Last November, Leonel Gomez and his family were forced to vacate their rent-stabilized apartment in Sunset Park after a fire ravaged the building. The family was temporarily displaced with the expectation of returning to their long-time home, but thanks to the landlord, that was wishful thinking.
While the tenants were displaced and without their knowledge, their landlord submitted multiple plans to significantly change the layouts of most of the units in the building. The reconfiguration would drastically change the apartments and render them unsuitable for many of the families, who need the additional bedroom space for their children. Ultimately, we believe that the proposed changes were designed to push the long-term tenants to leave their rent-stabilized homes, which are below market rate and affordable for these tenants.
The plans to alter the units were submitted to and approved by the New York City Department of Buildings (DOB) without hesitation, and permits for construction were issued.
However, in submitting the plans directly to DOB, the landlord violated New York’s Rent Stabilization Code, which requires landlords to first obtain approval to reconfigure apartment spaces from the New York State Department of Homes and Community Renewal (DHCR), which oversees the local rent-stabilized housing stock in New York City. When DOB accepted the landlord’s submitted plans and issued permits, without any approval from DHCR, they also violated the Rent Stabilization Laws and Code.
Unfortunately, this is not an isolated incident. It is somewhat common for landlords to attempt to circumvent the legal approval process to alter rent-stabilized apartments by cutting out the middleman, in this case DHCR, and going directly through DOB. Both agencies are aware of this illegal practice but have failed to take any meaningful action to address it.
Moreover, when a landlord follows the law and submits plans to DHCR, tenants are allowed to submit responses and are a part of the process. This loophole strips them of that right because landlords only interface with DOB to secure approval for building plans.
That’s why we recently filed a lawsuit against DOB, DHCR, and the landlords of the Sunset Park building to stop the illegal apartment layout alterations, which are threatening to displace the Gomez family and other long-term rent-stabilized tenants.
The lawsuit, filed in New York State Supreme Court in September, seeks to annul the building permits issued by DOB which enable the landlord to illegally reconfigure these units and to stop the landlords from submitting plans that alter the apartments without DHCR approval.
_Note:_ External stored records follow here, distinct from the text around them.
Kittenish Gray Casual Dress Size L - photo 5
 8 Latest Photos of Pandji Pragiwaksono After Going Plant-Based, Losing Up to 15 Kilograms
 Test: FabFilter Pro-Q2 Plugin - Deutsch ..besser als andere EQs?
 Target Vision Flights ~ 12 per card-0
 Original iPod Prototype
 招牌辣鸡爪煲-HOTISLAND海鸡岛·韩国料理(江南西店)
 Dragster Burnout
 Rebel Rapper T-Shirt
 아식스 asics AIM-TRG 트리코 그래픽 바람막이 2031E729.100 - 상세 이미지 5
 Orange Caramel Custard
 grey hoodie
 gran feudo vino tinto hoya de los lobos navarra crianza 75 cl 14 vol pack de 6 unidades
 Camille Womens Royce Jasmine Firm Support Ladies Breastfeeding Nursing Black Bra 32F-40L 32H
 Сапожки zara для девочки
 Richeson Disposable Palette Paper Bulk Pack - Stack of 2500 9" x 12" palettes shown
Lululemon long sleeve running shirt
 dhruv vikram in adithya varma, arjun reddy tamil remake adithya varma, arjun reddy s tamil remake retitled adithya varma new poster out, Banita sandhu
The complaint also seeks systemic changes to end DOB’s policy and practice of approving plans to alter and/or reconfigure rent-stabilized apartments without approval by DHCR, and to direct DOB to implement procedures that prevent the agency from approving plans without prior DHCR approval going forward.
Both DOB and DHCR have the jurisdiction and authority to unilaterally remedy this systematic issue today, and it shouldn’t require litigation for these agencies to abide by the law. New York’s affordable rent-stabilized housing stock is already in short supply, and all governmental actors must do their part to help preserve what remains.
Amid a growing housing crisis, DOB and DHCR must close this loophole that is being exploited by unscrupulous landlords to displace rent-stabilized tenants from their homes and communities across the city.
Emily Eaton is a staff attorney in the Housing Justice Unit – Group Advocacy at The Legal Aid Society. Evan Henley is a staff attorney with the Civil Law Reform Unit at The Legal Aid Society
DOB spokesperson Andrew Rudansky responded to the lawsuit in a statement Tuesday: “We are legally obligated to issue a permit for a construction project when all of the requirements that we are legally allowed to enforce are met. DOB approvals do not absolve a property owner of their responsibility to comply with the regulations of other government agencies. We are reviewing the suit.”